第1章 晩御飯の後にオトナは運動する事があるらしい


「ちゃんが来てからご飯が美味しくて、一升余裕になったアル」
「前から食べてたよ!エンゲル指数高すぎたらちゃんが困るんだよ!?」

 半年ほど前に俗に言う異世界トリップとやらをして、途方に暮れていた私を拾ってくれたのが万事屋だった。
 一宿一飯どころか、帰るまで居てくれていいとまで言ってくれた万事屋の皆に自分が出来ることをしたい。
 そう思って請負った家事だったのだが…、与えられた食費から大食らいと飲兵衛の為に食事を考えるのは本当に大変な事だった。

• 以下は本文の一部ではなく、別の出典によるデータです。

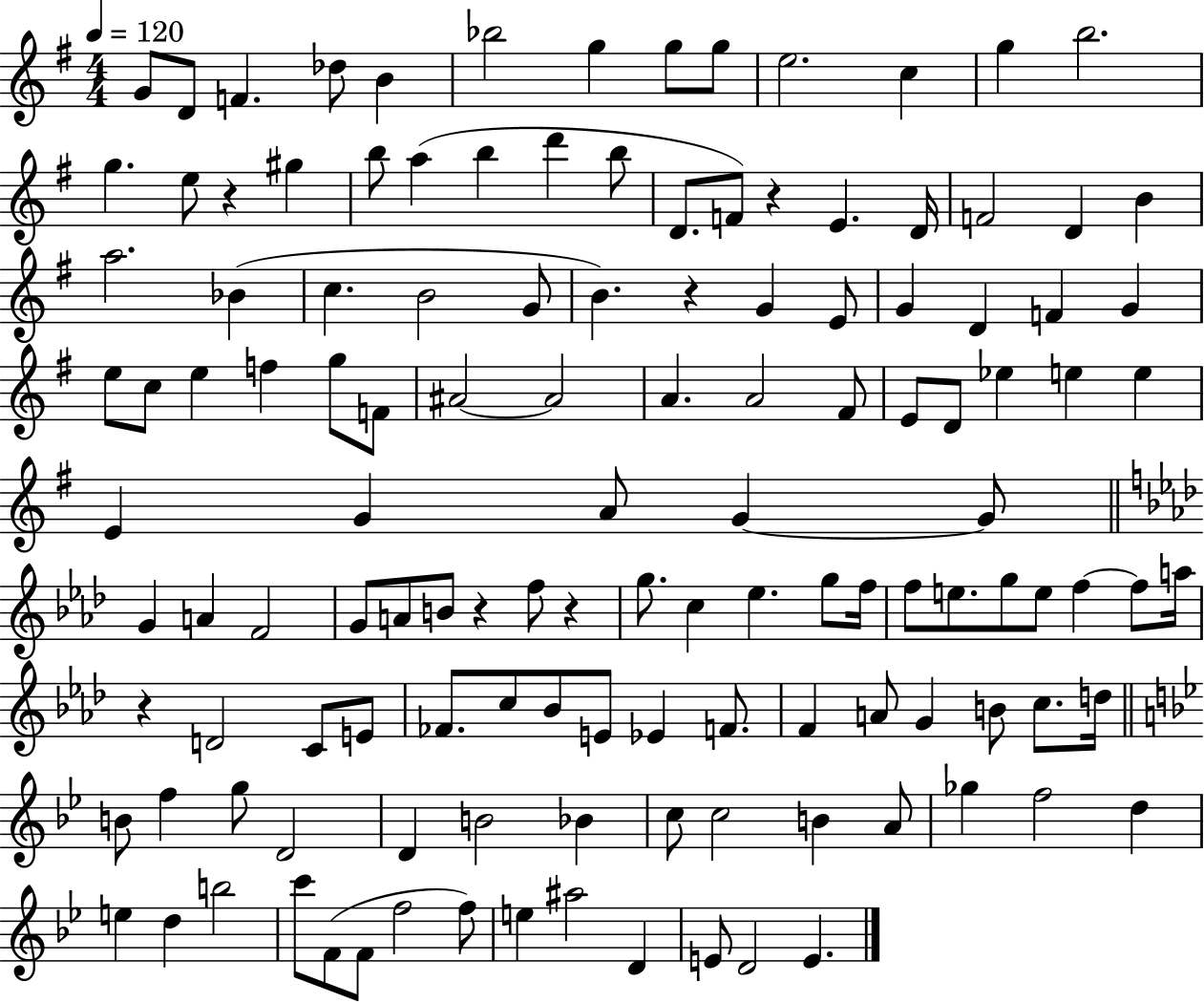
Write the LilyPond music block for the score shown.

{
  \clef treble
  \numericTimeSignature
  \time 4/4
  \key g \major
  \tempo 4 = 120
  \repeat volta 2 { g'8 d'8 f'4. des''8 b'4 | bes''2 g''4 g''8 g''8 | e''2. c''4 | g''4 b''2. | \break g''4. e''8 r4 gis''4 | b''8 a''4( b''4 d'''4 b''8 | d'8. f'8) r4 e'4. d'16 | f'2 d'4 b'4 | \break a''2. bes'4( | c''4. b'2 g'8 | b'4.) r4 g'4 e'8 | g'4 d'4 f'4 g'4 | \break e''8 c''8 e''4 f''4 g''8 f'8 | ais'2~~ ais'2 | a'4. a'2 fis'8 | e'8 d'8 ees''4 e''4 e''4 | \break e'4 g'4 a'8 g'4~~ g'8 | \bar "||" \break \key aes \major g'4 a'4 f'2 | g'8 a'8 b'8 r4 f''8 r4 | g''8. c''4 ees''4. g''8 f''16 | f''8 e''8. g''8 e''8 f''4~~ f''8 a''16 | \break r4 d'2 c'8 e'8 | fes'8. c''8 bes'8 e'8 ees'4 f'8. | f'4 a'8 g'4 b'8 c''8. d''16 | \bar "||" \break \key g \minor b'8 f''4 g''8 d'2 | d'4 b'2 bes'4 | c''8 c''2 b'4 a'8 | ges''4 f''2 d''4 | \break e''4 d''4 b''2 | c'''8 f'8( f'8 f''2 f''8) | e''4 ais''2 d'4 | e'8 d'2 e'4. | \break } \bar "|."
} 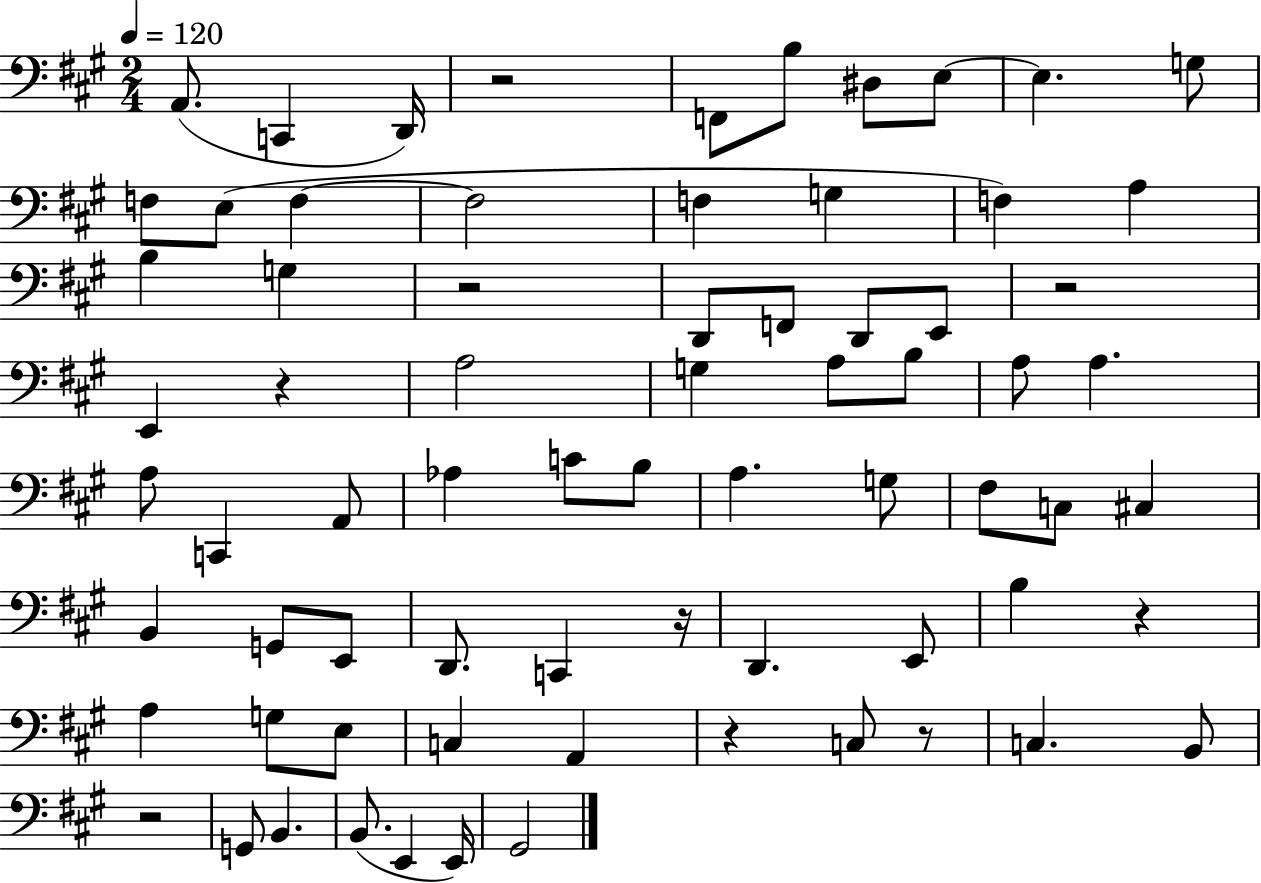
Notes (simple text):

A2/e. C2/q D2/s R/h F2/e B3/e D#3/e E3/e E3/q. G3/e F3/e E3/e F3/q F3/h F3/q G3/q F3/q A3/q B3/q G3/q R/h D2/e F2/e D2/e E2/e R/h E2/q R/q A3/h G3/q A3/e B3/e A3/e A3/q. A3/e C2/q A2/e Ab3/q C4/e B3/e A3/q. G3/e F#3/e C3/e C#3/q B2/q G2/e E2/e D2/e. C2/q R/s D2/q. E2/e B3/q R/q A3/q G3/e E3/e C3/q A2/q R/q C3/e R/e C3/q. B2/e R/h G2/e B2/q. B2/e. E2/q E2/s G#2/h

「大体な、夕食なんてモンは少なくて良いんだぞ。夕食の後なんて寝るだけなんだから。大人は運動する事もあるけどな」
「偉そうな事言ってますけど、外で晩酌しなくなっただけで銀さんの酒代ものっそい増えてますから」
「外で飲んだ時の値段知らねェだろーが。ぼったくりですよ?ゴリラ女が接待するだけでバカみたいに取られんだから」

 額に米粒が付けた神楽におかわりのご飯をよそい、「ありゃあ詐欺だぜ詐欺」と目が据わり始めた銀時のグラスに酒を作って足す。
 賑やかな万事屋の皆に、異世界に来てしまった寂しさや悲しみは大分癒された。
 帰る手立ては未だ探し続けているけど、この夢みたいに暖かい場所に居続けたい自分もいる。

「食費の事は心配しないで。八百屋さんとかにもサービスしてもらっちゃってるんだ」

 突如現れた素性のわからない女。でも、半年も経てば挨拶を交わす人も増えて、色々なお店で「銀さんに食わせんならこれ持っていきな」とおまけして貰う事が増えた。
 ……銀時への押しかけ女房みたいに思われてそうな気もするが。

「たいしたもんじゃねーか。ここいらの住民はケチ臭いのが多いのによォ」
「家賃もツケも踏み倒そうとするからですよ」

 ツッコミを入れる新八の箸も止まらない。片付いていくお皿を見ていると、私も自然と笑顔になっていく。
 明日からも頑張ろう、3人の笑顔を見て私もそう思った。
 
 
 
「おやすみなさい」「おやすみなさいネ……」
 新八は帰り、神楽は今にも寝そうな目を擦りながら奥の部屋へと消えた。
 ちびちびと酒を舐め続ける銀時と話しながら私は後片付けをする。それが日常。